Unsupervised monocular depth estimation has shown promising results but usually assumes a static scene. In dynamic scenes, apparent object motion can be explained either by assuming independent object motion or by changing object depth, creating ambiguity that leads depth estimators to predict incorrect depths for moving objects. Dynamo-Depth addresses this by jointly learning monocular depth, a 3D independent flow field, and motion segmentation from unlabeled monocular video to resolve dynamic motion ambiguity. The key insight is that a good initial estimate of motion segmentation is sufficient for jointly learning depth and independent motion despite inherent ambiguities. The method achieves state-of-the-art monocular depth performance on Waymo Open and nuScenes, with significant improvements on moving objects.

Method

Recap: standard self-supervised monocular depth training

The typical pipeline has two networks: DepthNet and PoseNet. Given consecutive frames from a monocular video (or skip-frame pairs), DepthNet estimates the depth map for the target frame while PoseNet estimates the relative pose between frames. The target frame is then reconstructed using its estimated depth and the estimated pose, and the photometric reconstruction loss between the reconstructed image and the actual image is used as the supervision signal.

That framework assumes a fully static scene; dynamic object motion significantly degrades loss computation.

There are many extensions to this basic framework (various loss terms, scale handling, temporal discontinuities, etc.). This article focuses specifically on handling dynamic scenes.

Primary application for outdoor monocular depth estimation

The main use case is autonomous driving, where the ego-vehicle moves along the road and other vehicles often travel in the same or opposing directions.
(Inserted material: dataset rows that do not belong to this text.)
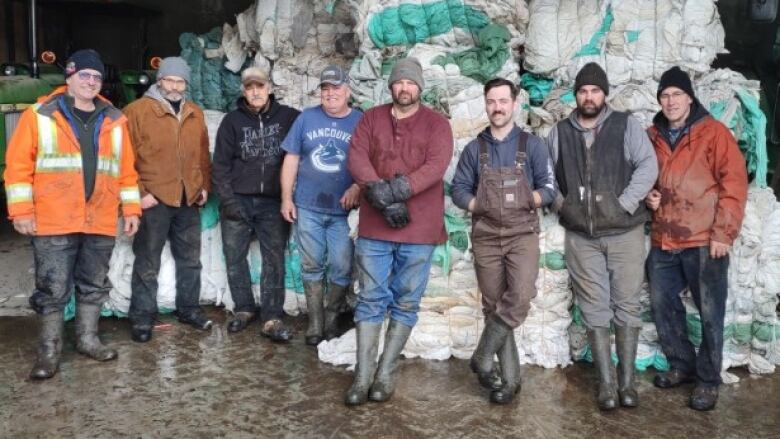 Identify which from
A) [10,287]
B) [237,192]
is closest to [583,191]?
[237,192]

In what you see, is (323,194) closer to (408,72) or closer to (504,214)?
(408,72)

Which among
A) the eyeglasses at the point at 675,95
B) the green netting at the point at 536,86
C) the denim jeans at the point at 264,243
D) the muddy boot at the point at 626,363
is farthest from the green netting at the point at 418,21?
the muddy boot at the point at 626,363

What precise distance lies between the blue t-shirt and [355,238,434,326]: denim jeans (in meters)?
0.73

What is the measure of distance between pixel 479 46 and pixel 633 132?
1.51 metres

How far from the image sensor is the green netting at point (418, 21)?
5.07 metres

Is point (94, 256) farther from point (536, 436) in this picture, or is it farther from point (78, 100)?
point (536, 436)

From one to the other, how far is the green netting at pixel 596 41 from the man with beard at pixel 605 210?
1.27 m

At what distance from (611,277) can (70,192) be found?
10.3 ft

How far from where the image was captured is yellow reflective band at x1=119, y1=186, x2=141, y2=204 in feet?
15.1

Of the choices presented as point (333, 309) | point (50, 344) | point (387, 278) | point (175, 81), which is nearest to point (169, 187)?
point (175, 81)

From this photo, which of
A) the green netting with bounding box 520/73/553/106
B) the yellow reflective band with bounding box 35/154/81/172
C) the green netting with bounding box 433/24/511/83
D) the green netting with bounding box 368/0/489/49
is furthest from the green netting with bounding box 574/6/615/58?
the yellow reflective band with bounding box 35/154/81/172

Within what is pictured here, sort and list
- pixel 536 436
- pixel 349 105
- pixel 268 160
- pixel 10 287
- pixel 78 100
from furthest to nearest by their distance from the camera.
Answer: pixel 10 287, pixel 349 105, pixel 268 160, pixel 78 100, pixel 536 436

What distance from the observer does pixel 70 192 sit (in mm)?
4270

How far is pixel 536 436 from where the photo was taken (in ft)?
12.2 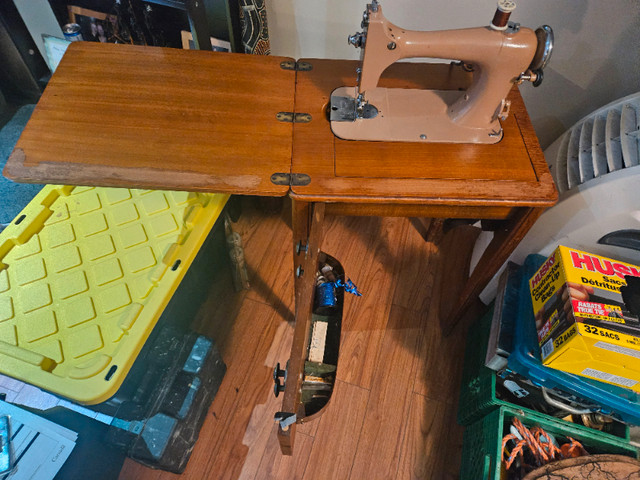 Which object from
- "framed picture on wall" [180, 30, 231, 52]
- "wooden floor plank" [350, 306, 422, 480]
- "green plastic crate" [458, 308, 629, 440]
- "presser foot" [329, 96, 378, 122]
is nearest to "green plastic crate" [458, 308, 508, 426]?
"green plastic crate" [458, 308, 629, 440]

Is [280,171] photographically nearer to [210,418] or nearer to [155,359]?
[155,359]

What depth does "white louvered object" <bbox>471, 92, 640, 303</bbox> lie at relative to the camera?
40.4 inches

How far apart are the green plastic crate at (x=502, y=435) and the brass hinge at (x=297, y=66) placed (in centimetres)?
107

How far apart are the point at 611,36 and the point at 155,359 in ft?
5.62

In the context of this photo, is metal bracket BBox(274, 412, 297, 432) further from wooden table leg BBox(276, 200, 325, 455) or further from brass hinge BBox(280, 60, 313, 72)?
brass hinge BBox(280, 60, 313, 72)

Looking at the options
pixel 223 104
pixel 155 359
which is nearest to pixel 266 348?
pixel 155 359

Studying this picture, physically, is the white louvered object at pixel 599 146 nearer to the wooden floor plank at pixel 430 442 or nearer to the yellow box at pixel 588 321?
the yellow box at pixel 588 321

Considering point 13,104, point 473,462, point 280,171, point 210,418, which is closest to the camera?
point 280,171

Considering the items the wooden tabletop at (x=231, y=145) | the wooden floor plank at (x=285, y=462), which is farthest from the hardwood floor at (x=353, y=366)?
the wooden tabletop at (x=231, y=145)

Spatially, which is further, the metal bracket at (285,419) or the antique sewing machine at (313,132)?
the antique sewing machine at (313,132)

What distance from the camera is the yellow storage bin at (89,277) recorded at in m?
1.03

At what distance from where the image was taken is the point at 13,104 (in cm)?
196

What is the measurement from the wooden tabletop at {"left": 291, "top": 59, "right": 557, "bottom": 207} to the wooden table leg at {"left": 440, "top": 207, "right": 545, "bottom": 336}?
0.26ft

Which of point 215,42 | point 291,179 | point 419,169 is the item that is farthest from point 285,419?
point 215,42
Key challenge in that scenario

When driving, nearby objects appear to move faster while distant objects appear slower. Mathematically, this creates epipolar ambiguity: a vehicle moving in the same direction as the ego-vehicle may appear nearly static, causing the network to infer a very large distance; conversely, an oncoming vehicle may be inferred to be very close. Critically, incorrect depth estimates can still produce correct optical flow or pose estimates, since the photometric loss can be satisfied by compensating errors.

Incorrect depth estimation

Is simple regularization sufficient?

Learning the motion of dynamic objects is substantially harder than learning static background depth.

Approach of Dynamo-Depth

The core idea is that modeling only the rigid flow induced by camera motion cannot fully explain dynamic object motion, so the method also learns a separate 3D independent flow field to capture object motion.

The pipeline has two parts. The first part assumes static scene geometry: it estimates a static 3D flow from the target frame depth and camera pose. The second part estimates a dynamic 3D flow using an independent flow predictor together with a motion mask. The two flow fields are combined to reconstruct the target image, and losses are applied on the reconstruction.

Pipeline

Why not directly predict the dynamic 3D flow for objects?

Two reasons:

During training, target motion is the sum of camera motion and independent object motion; directly predicting the independent component is difficult when the inputs contain this mixture.
Independent rigid motion estimation tends to be sparse, preferring no-dynamics solutions. Early in training, noisy depth and pose predictions can cause the network to converge to a high-sparsity solution that ignores dynamic objects.

Experiments

Datasets used are Waymo Open, nuScenes, and KITTI (Eigen split). Training used four NVIDIA 2080 Ti GPUs, batch size 12, and initial learning rate 5e-5. Standard metrics were used: Abs Rel, Sq Rel, RMS E, RMSE log, and three accuracy thresholds.

On Waymo Open, precision-recall curves were used as an ablation to evaluate the joint motion mask network. The method maintains high precision as recall increases and reaches an F1 score of 71.8% on Waymo Open.

Precision-recall curves on Waymo Open

Conclusion

Dynamo-Depth targets the autonomous driving case with vehicles often moving colinearly. The method jointly learns depth, pose, a 3D independent motion field, and motion segmentation, showing strong improvements on Waymo Open and nuScenes. However, the approach is specialized for that driving scenario and may be limited in broader contexts. For dynamic object handling, SC-Depth V3 still appears stronger in some aspects.